I’ve decided I like the mix of the two.

The key to a rich stock is to let it simmer over very low heat for a very long time to let all of the goodness eke out of the bones.  It’s what gives a good stock a luscious ‘mouth-feel’.  Use a turkey carcass from a roasted bird or buy wings, necks, and/or legs for the stock.

I had a little gravy leftover from Christmas and I added that instead of the cornstarch.

Turkey Rice Soup

Total time: 3 hours


  • Stock:
  • turkey carcass and some leftover turkey meat or 2 – 3 turkey wings or 1 turkey leg and thigh
  • the tops from a bunch of celery or 2 ribs celery, cut into pieces
  • 1 carrot, cleaned and cut into chunks
  • 1 onion, peeled and quartered
  • bouquet garni
  • 3 bay leaves
  • 8 – 10 cups water
  • salt or 1 chicken base/stock cubes
  • Soup
  • 8 cups turkey stock
  • 2 – 3 cups turkey, cut into small pieces
  • 1/2 cup Basmati rice
  • 1/2 cup wild rice
  • 4 carrots
  • 3 ribs celery
  • 1 large onion
  • 1/2 tsp paprika
  • 1/2 tsp dry mustard
  • 1/4 cup Madeira or other sweet wine
  • 2 tbs cornstarch (maizena, corn flour)
  • 1/4 cup water

Turkey Rice Soup


  • Stock:
  • Put turkey, vegetables, herbs and water in soup pot or Dutch oven.  If you are using a turkey carcass you may need to break it up to get it in and covered with water – and you may need more water than 8 cups.  You can reduce it later.
  • Cover, bring to a boil, reduce heat and simmer over very low heat for several hours, the longer the better. There should be bubbles breaking the surface occasionally, not steadily.
  • When done, strain stock into another pot or large bowl, discarding vegetables, bones and skin.  Pick the turkey meat off the bones and reserve for soup.
  • If time allows, chill stock and remove fat. Refrigerate turkey if not making soup immediately.
  • Soup:
  • Bring stock to a boil over medium heat.
  • Lightly rinse the wild rice and add to stock.
  • Cut carrots in half, the long way then thinly slice. 1/8″ (3 cm).  Add to stock.
  • Thinly slice celery, add to stock.
  • Chop onion, add to stock.
  • Add paprika, mustard, Madeira to stock, cover, reduce heat and simmer for 30 minutes.
  • Add Basmati rice to soup and simmer 20 minutes longer.
  • Taste the soup, add salt, pepper, or a chicken stock cube/paste if needed.
  • Cut the turkey into small pieces and add to soup.
  • Dissolve cornstarch in water.
  • Increase heat under soup to a hard simmer. Add cornstarch mixture, stirring until it clears and thickens the soup slightly.

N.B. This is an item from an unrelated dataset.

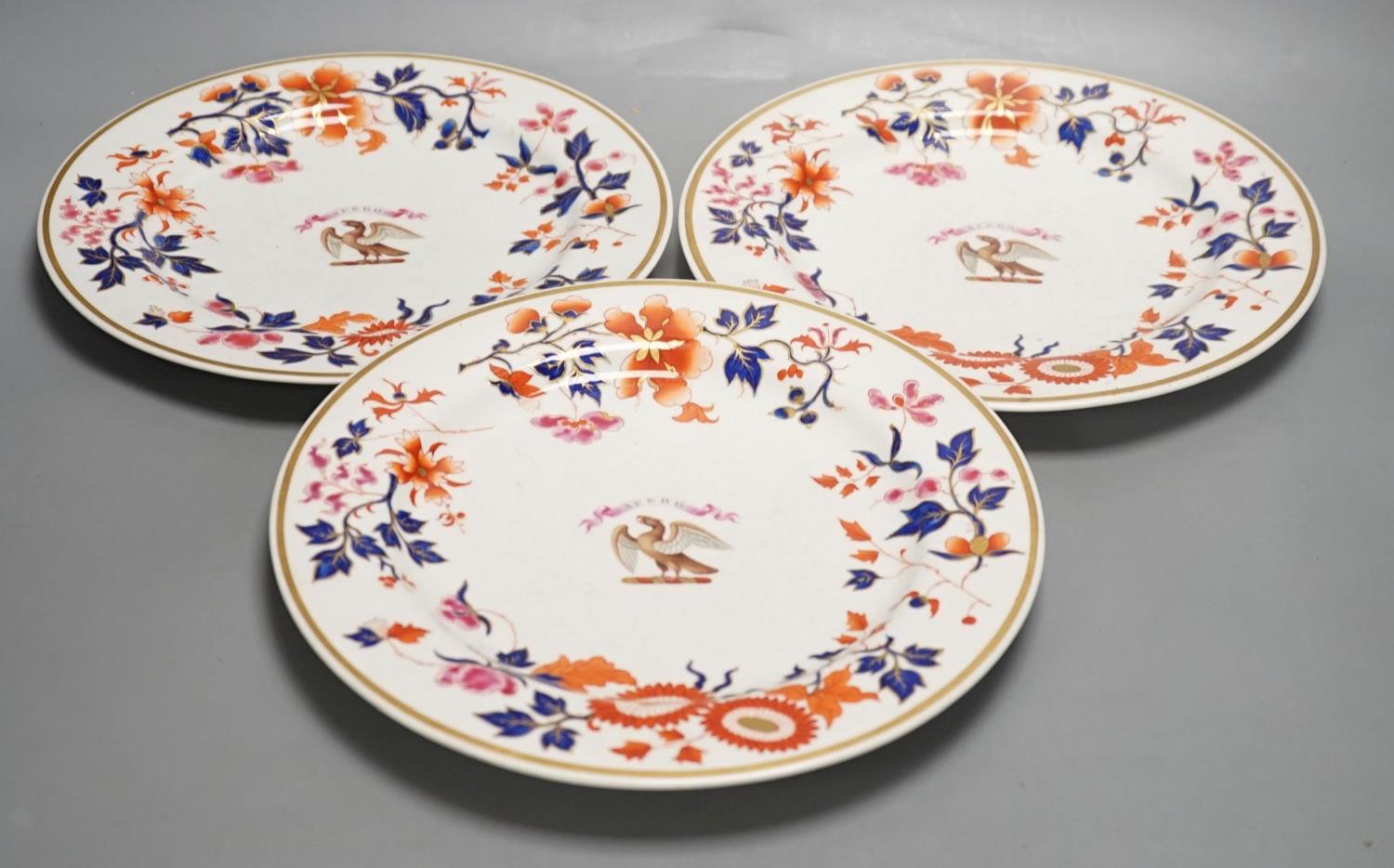 A Flight Barr and Barr set of three armorial plates decorated in imari style with leaves and flowers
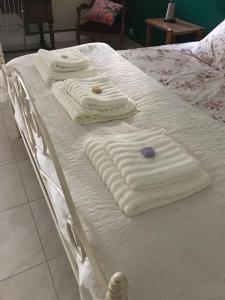 Villa calme grand jardin bord de mer. Parking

Note:  The cornstarch is meant to thicken it very slightly, you may not really notice it when it’s hot, but it makes it more unctuous.

Print Recipe

I’ve said all this before….

As I feel rather strongly about the subject, I thought I’d do a re-post for those who might have missed it the first time.

Obesity is a rapidly growing problem.

Diets, diet gurus and diet books are a rapidly growing industry.

The latter does not seem to be adequately solving the problem of the former.

With the coming of the New Year come all the resolutions: lose weight, exercise more, kick the bad habits and embrace the good habits.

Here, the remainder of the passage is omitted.